На следующий день, стремясь усилить наступление на завод «Красный Октябрь», Паулюс приказал перебросить из южной части города 94-ю пехотную дивизию и 14-ю танковую. Но и изнемогающая под натиском врага 62-я армия также получила подкрепление, в котором так отчаянно нуждалась: через Волгу переправилась 39-я гвардейская стрелковая дивизия генерала Степана Гурьева. Она была сразу брошена на укрепление правого фланга обороны завода «Красный Октябрь». Еще одно свежее соединение, 308-я стрелковая дивизия полковника Гуртьева, состоящая преимущественно из сибиряков, тоже переправилось через Волгу, однако данные подкрепления едва восполнили понесенные за эти дни потери.

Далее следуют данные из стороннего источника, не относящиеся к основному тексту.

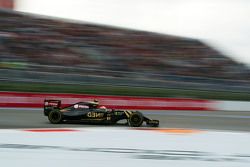 Pastor Maldonado, Lotus F1 E23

Вскоре возникла новая непредвиденная опасность. 1 октября 295-я пехотная дивизия скрытно, по оврагам, подошла к правому флангу дивизии Родимцева. Его гвардейцы оборонялись отчаянно: стреляли в упор из пистолетов-пулеметов, бросали гранаты, сходились с врагом врукопашную. Однако ночью большая группа немецких пехотинцев пробралась по дну оврага, ведущего вниз в Крутую балку, вышла к Волге и повернула на юг. Немцы ударили в тыл дивизии Родимцева. Этот неожиданный маневр по времени совпал с еще одним прорывом на правом фланге. Родимцев среагировал молниеносно, бросив в контратаку все имевшиеся в его распоряжении роты. Его гвардейцам удалось отбиться и остаться на занимаемых позициях.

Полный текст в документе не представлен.